La pregunta relevante es entonces cómo conciliar entonces la mirada expuesta por enfoques que parecen antagónicos (luz verde vs., luz roja; legitimidad procedimental vs. sustantiva) sin perder de vista, por supuesto, el respeto irrestricto de los derechos de los administrados y la certeza jurídica —el Estado de Derecho exige el que no existan actos de la Administración que queden exentos de poder ser escrutados en sede judicial—.

Con el profesor Luis Cordero (2012), hemos venido planteando hace algún tiempo una de las respuestas posibles para lograr dicha conciliación, sobre la base de un rediseño institucional de nuestras agencias administrativas y de sus prácticas regulatorias, partiendo por transformar a nuestras Superintendencias en agencias reguladoras independientes. Ello implica una serie equilibrios y contrapesos institucionales nuevos en cuanto a su integración, remoción, financiamiento, transparencia, etc.

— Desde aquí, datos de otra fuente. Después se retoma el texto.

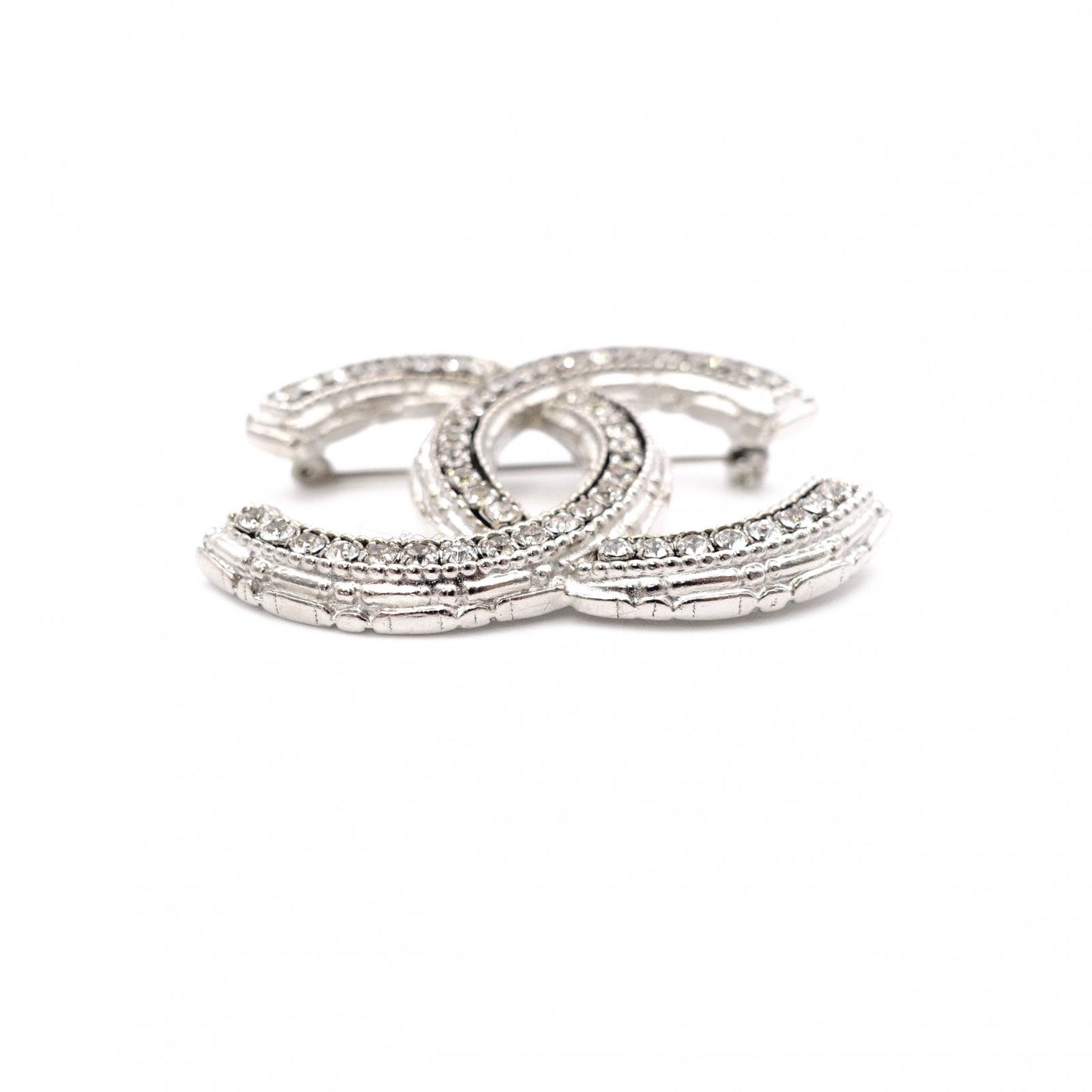 CHANEL シャネル ブローチ メタル/ラインストーン シルバー【中古】 レディース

Lo anterior debe ir acompañado de ciertos upgrades desde el punto de vista procedimental, especialmente en técnicas relativas a la participación ex ante de los regulados en el plano normativo (reglas de notice and comment), o el uso de técnicas como el análisis de impacto regulatorio o de costo beneficio de las decisiones de las agencias que operan como barrera a la arbitrariedad al obligar la fundamentación racional/proporcional de la decisión regulatoria tomada por la agencia entre múltiples opciones (incluida la de no hacer nada). Lo anterior, tendría también un impacto positivo respecto de las discusiones en torno a los estándares de revisión judicial apropiados de la discrecionalidad administrativa, especialmente si estamos ante un tribunal experto —como tenemos actualmente en diversos mercados regulados—.

Bajo este contexto, no es necesario elegir una de las opciones entre legitimidad sustancial o legitimidad formal, pues el marco regulatorio debe generar los incentivos para que se respeten ambas y se complementen. Ello, en beneficio directo de los administrados.